Follow Up: C. S. Lewis’s Inner Rings and Fans

In yesterday’s post, we discussed C. S. Lewis’s 1944 address The Inner Ring. Fr. Dwight Longenecker mentions this essay in an article of his own, in which he points out the obvious relationship between the concepts in Lewis’s address and his wonderful novel/grown up fairy tale That Hideous Strength.

That Hideous Strength is my second favorite work by Lewis, after Til We Have Faces, and as it is full of memorable scenes and I’ve read it a number of times, it was not difficult to recall passages to illustrate the points in his address. The reality of what Lewis is discussing is patent.

In his address, Lewis goes out of his way to say that Inner Rings are not always a bad thing:

I must now make a distinction. I am not going to say that the existence of Inner Rings is an Evil. It is certainly unavoidable. There must be confidential discussions: and it is not only a bad thing (1), it is (in itself) a good thing, that personal friendship should grow up between those who work together. And it is perhaps impossible that the official hierarchy of any organisation should coincide with its actual workings. If the wisest and most energetic people held the highest spots, it might coincide; since they often do not, there must be people in high positions who are really deadweights and people in lower positions who are more important than their rank and seniority would lead you to suppose. It is necessary: and perhaps it is not a necessary evil. But the desire which draws us into Inner Rings is another matter. A thing may be morally neutral and yet the desire for that thing may be dangerous.

So rings are everywhere, sometimes serve a purpose, and are something almost everyone, it seems, is attracted to. But there are exceptions. In That Hideous Strength, Lewis provides the example of Hingest, the renowned chemist, who is a man of actual achievement. He has no interest in the N.I.C.E. and its circles within circles, tries to leave, and is murdered.

Through no merit of my own, I seem to be largely immune to the allure of Inner Rings.  I’m happiest, generally, working on some project on my own, although team activities can be satisfying, too, I’m just more likely to enjoy working solo.

Even back at high school, I do not recall ever wanting to hang with the cool kids. Of course, as the weird loner kid who did both sports (basketball) and drama club and sang in the school choir, there was no Inner Circle that would have me. Nope, it’s another temptation that attracts me, one that is both very much like an Inner Circle while at the same time its polar opposite: the allure of fandom.

Sports is the obvious example. It’s very exciting when your team competes, never mind that they are in no real sense ‘your’ anything. ‘Your’ city doesn’t own them, you have no say over who is on the team, team strategy, long term goals, or any other aspect of team operation. Team owners can and do move their teams away, as the nearby Oakland Raiders fans know too well. This idea that any professional sports team is ‘our’ team, is the fan’s team, is preposterous.

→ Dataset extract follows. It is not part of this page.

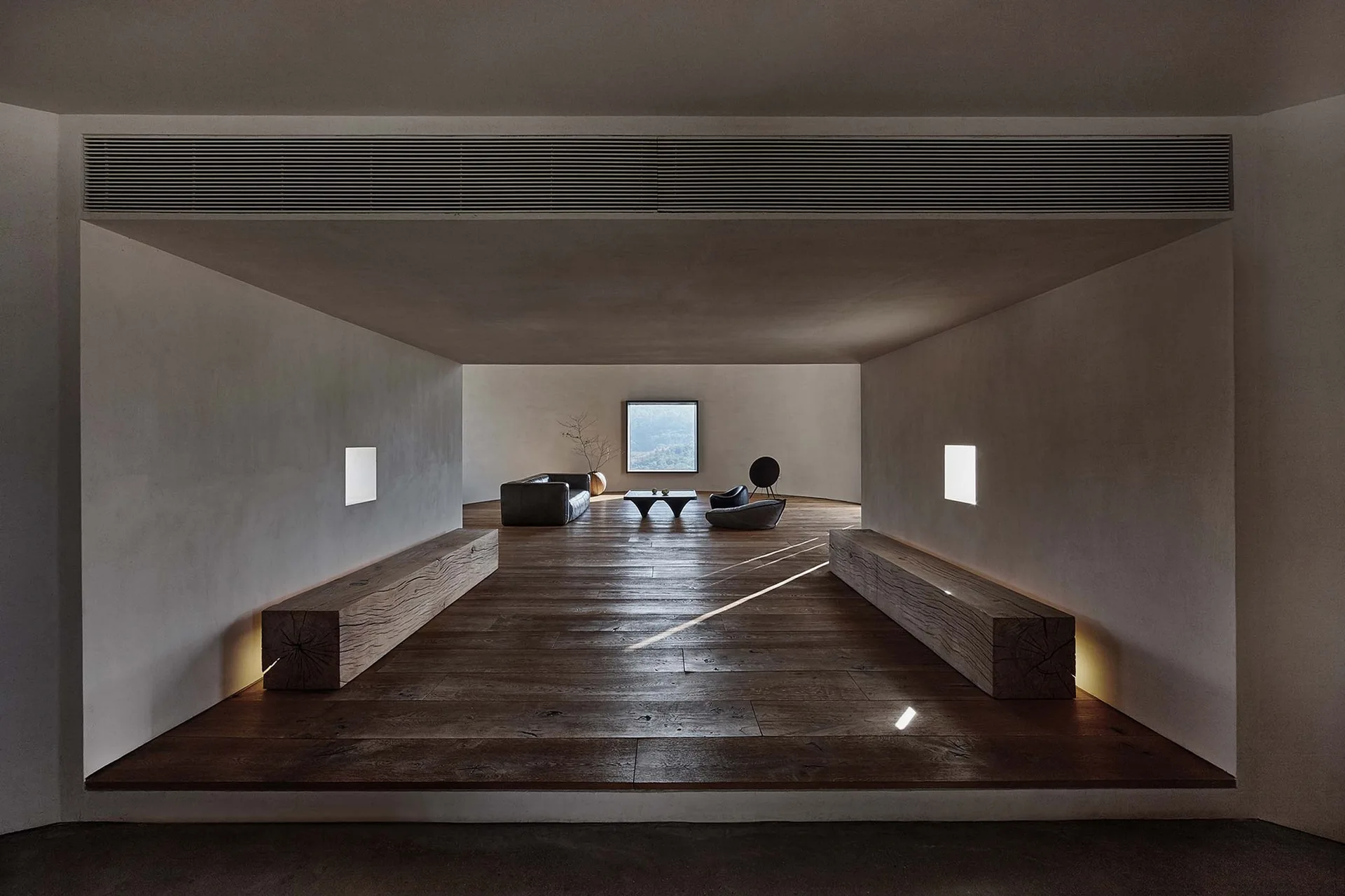 A minimalist corridor featuring dark wood floors and two massive timber block benches leading toward a low-profile living room.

I’ve known all this since I was a kid. Yet, it took me almost 60 years before I shook off my emotional attachment to several professional teams. (2)

Being a sports fan is like being in an inner circle in this respect: there are insiders and outsiders. There are other teams (and their fans) that you despise as a function of your being a fan of your team. Your identity is tied up with being a fan of your team.

Now, few sports fans would admit to this. They’d claim it’s just a game, just for fun. Yet, on an emotional, and even functional level, it’s all true. Sure, those crazy Raiders fans in the Black Hole know it’s a game, that they are playacting according to rules almost as specific as those followed in the game on the field.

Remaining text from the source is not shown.